Trouble fine tuning Levit vision models

BenHamm · May 22, 2022, 9:41pm

I’ve successfully fine tuned ResNet models using fastai. I read Jeremy Howard’s post on timm models with excitement, and had success doing fine tuning on ConvNext models. However, when I try the Levit family of models, I hit a wall. Here’s my code for creating a binary classifier:

model_type = 'levit_384'
learner = vision_learner(dls, model_type, metrics=error_rate)
learner.lr_find()

The lr_find() command errors, and after 18 frames of tracing I get this error:

/usr/local/lib/python3.7/dist-packages/torch/nn/modules/batchnorm.py in _check_input_dim(self, input)
295
296 def _check_input_dim(self, input):
→ 297 if input.dim() != 2 and input.dim() != 3:
298 raise ValueError(
299 “expected 2D or 3D input (got {}D input)”.format(input.dim())

AttributeError: ‘tuple’ object has no attribute ‘dim’

From my research, it looks like maybe I need to change my loss function to one that is compatible with levit? If that’s correct, I have no notion of how to do that successfully.

zonkyo · May 23, 2022, 6:05am

Do not know anything about Levit models, but a quick look in the corresponding repo (GitHub - facebookresearch/LeViT: LeViT a Vision Transformer in ConvNet's Clothing for Faster Inference) showed that if smoothing is False and distillation is set to None they used nn.CrossEntropyLoss

To be sure you are using this one, you could always add
loss_function=CrossEntropyLossFlat()
or
loss_function=nn.CrossEntropyLoss()
to the learner.

To find out what loss function has been used, I think learner.summary() is a good start.

mraggi · May 23, 2022, 3:11pm

This doesn’t work. It seems to me the model expects something else, because even just trying:

learn.model(torch.rand(2,3,192,192)) # using levit_192

Gives me:

RuntimeError: The size of tensor a (144) must match the size of tensor b (196) at non-singleton dimension 3

BenHamm · May 23, 2022, 6:10pm

Yeah, same experience for me. I tried:

model_type = ‘levit_128’

learn = vision_learner(dls, model_type, metrics=error_rate, loss_func=CrossEntropyLossFlat())
learn.lr_find()

And I get the same error:

AttributeError: ‘tuple’ object has no attribute ‘dim’
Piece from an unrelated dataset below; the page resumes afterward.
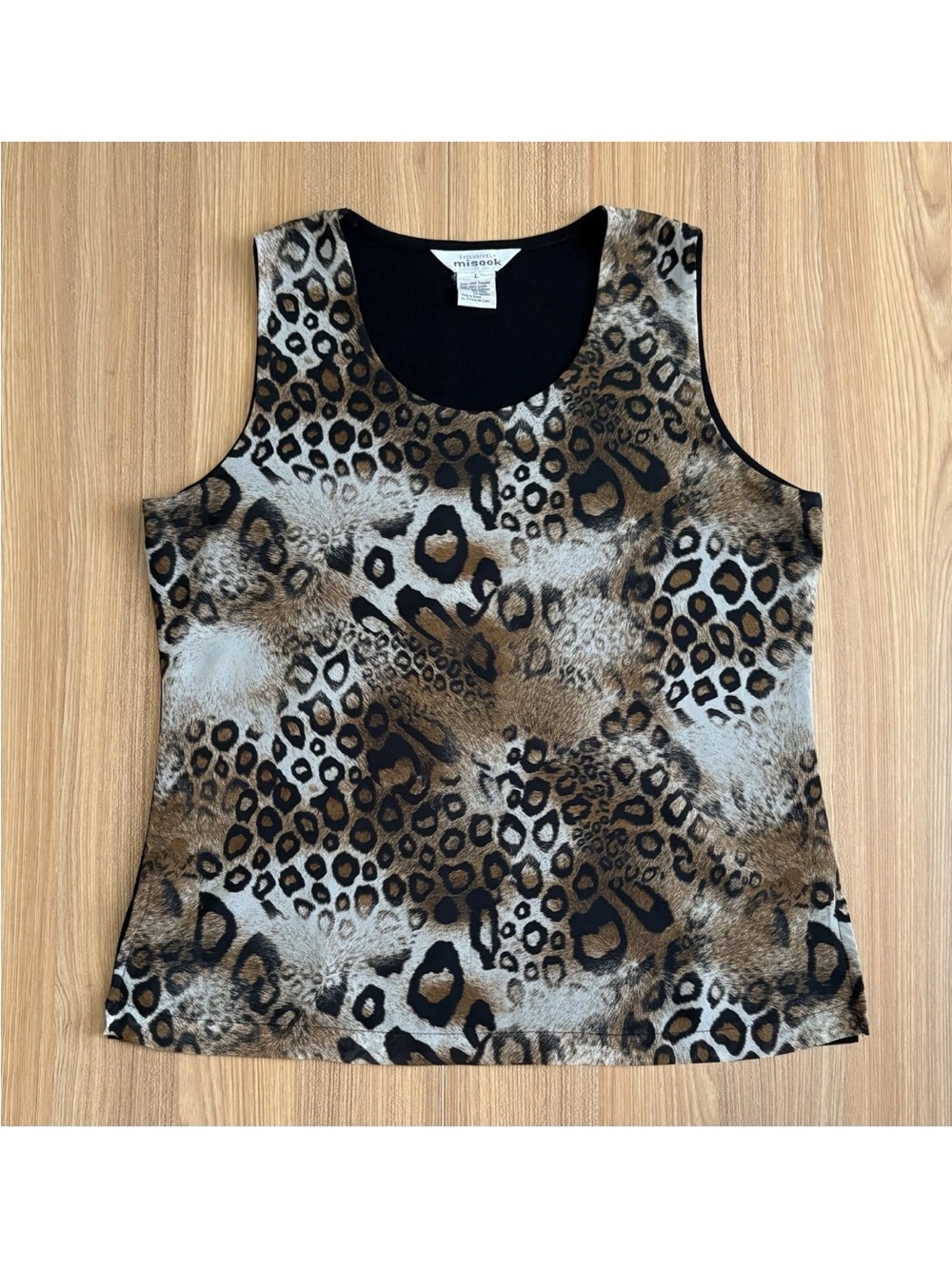 Exclusively Misook Leopard Print Sleeveless Shell Top Wmns L Neutral Designer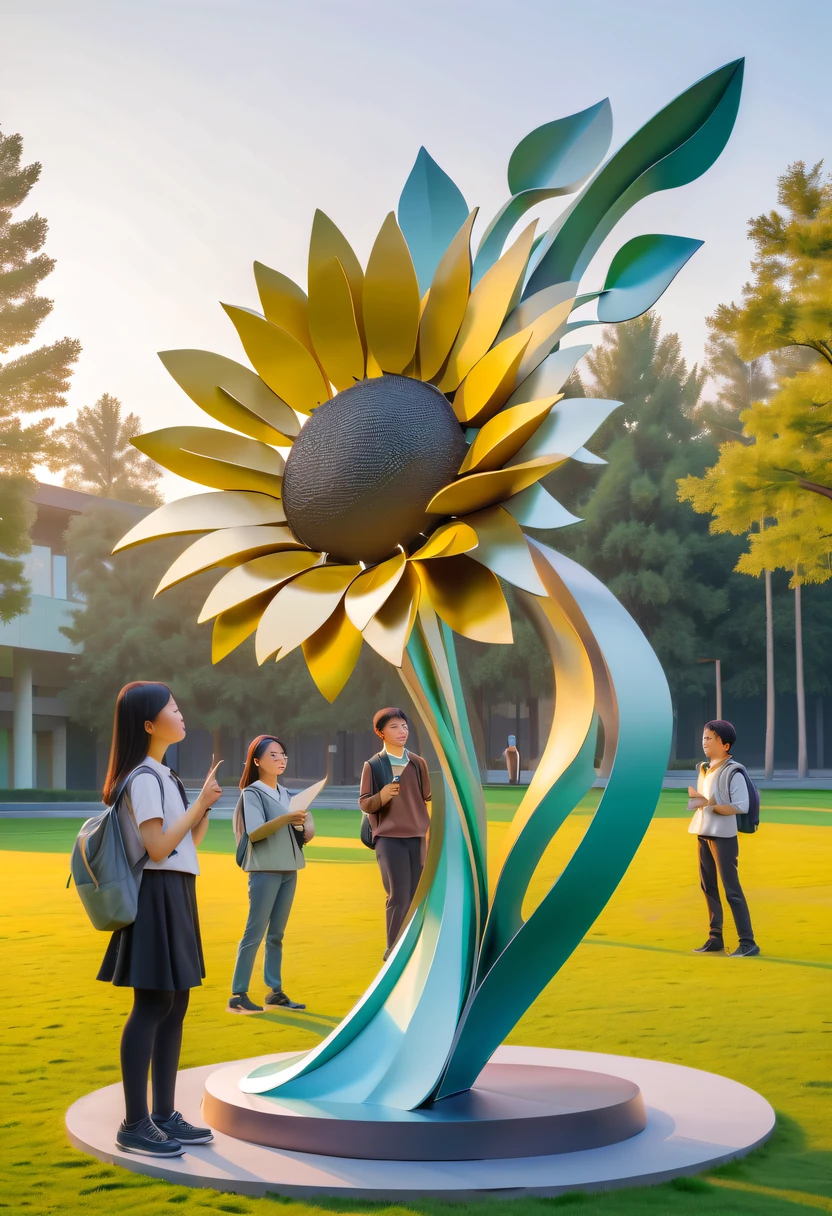 school sculpture，Cute teacher holding sunflower，Surrounded by a group of students，on the school lawn，full iron，metalictexture，metallic  luster，vectorial art，Soft color palette，abstract sculpture，3D sculpture with abstract light，modern chinese literati，Gradient of color，hierarchical form，Futuristic sci-fi style metal three-dimensional sculpture，Whimsical three-dimensional metal sculptures，Ethereal style metal three-dimensional sculpture，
kwame1 · May 23, 2022, 6:17pm

/title trimm models training error /close

Hello guys, can anyone help me solve this challenge. Am using the trimm model and I get an error after one epoch

BenHamm · May 23, 2022, 6:22pm

@kwame1, this seems like a different issue. May I ask that you start a separate topic on it? Also, I would recommend you provide the specific model you have specified, along with the vision_learner() call that instantiated it.

zonkyo · May 23, 2022, 7:19pm

after digging a bit deeper into timm, found this

class Levit(nn.Module):
    """ Vision Transformer with support for patch or hybrid CNN input stage

    NOTE: distillation is defaulted to True since pretrained weights use it, will cause problems
    w/ train scripts that don't take tuple outputs,
    """

this might yield the problem you encountered.
Did you test it in plain torch already and encountered the problem there too?

BenHamm · May 23, 2022, 7:38pm

Thank you @zonkyo ! I’m afraid that my “plain torch” skills are very limited–I’m a self-taught coder using FastAI as the “training wheels” version of PyTorch. Any links/pointers you can provide that can help clarify how to do the test you’re suggesting?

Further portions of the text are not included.